» **What to produce**:
Give back the lines below exactly, but do not include any pictures.

» **Given material**:

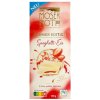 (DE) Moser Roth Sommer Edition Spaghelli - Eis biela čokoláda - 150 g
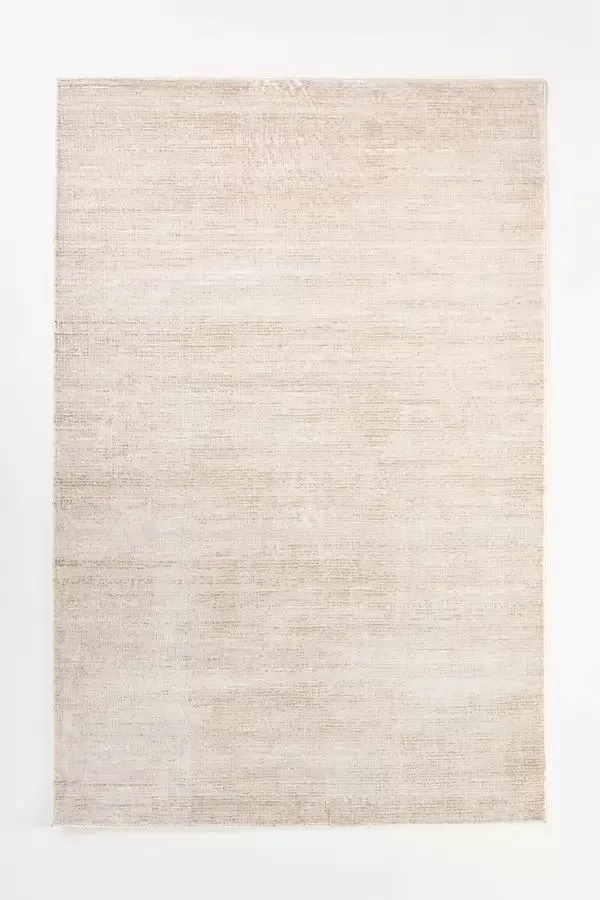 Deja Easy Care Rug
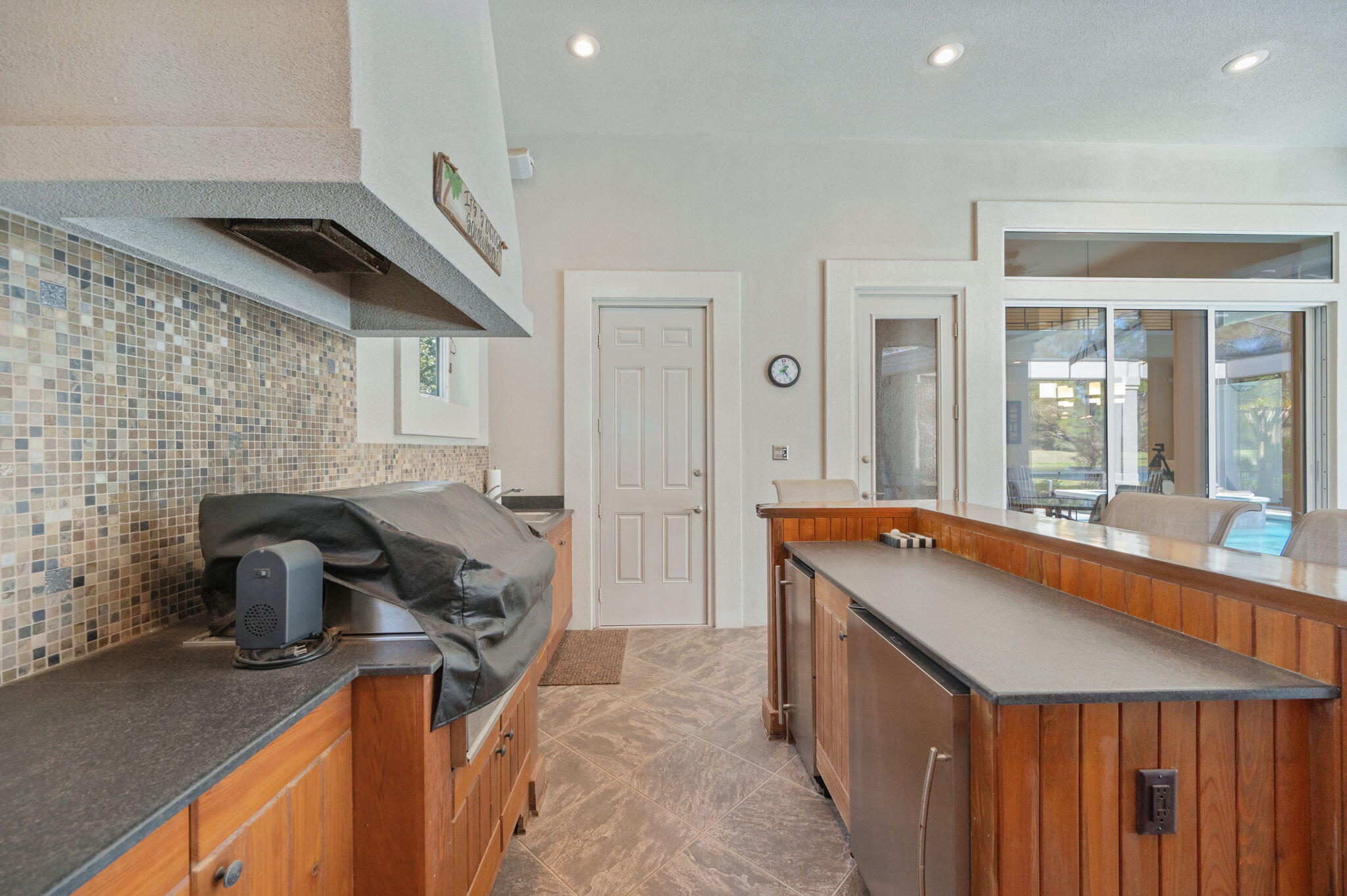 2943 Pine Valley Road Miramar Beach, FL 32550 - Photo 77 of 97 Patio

» **Answer to this task**:
 (DE) Moser Roth Sommer Edition Spaghelli - Eis biela čokoláda - 150 g
 Deja Easy Care Rug
 2943 Pine Valley Road Miramar Beach, FL 32550 - Photo 77 of 97 Patio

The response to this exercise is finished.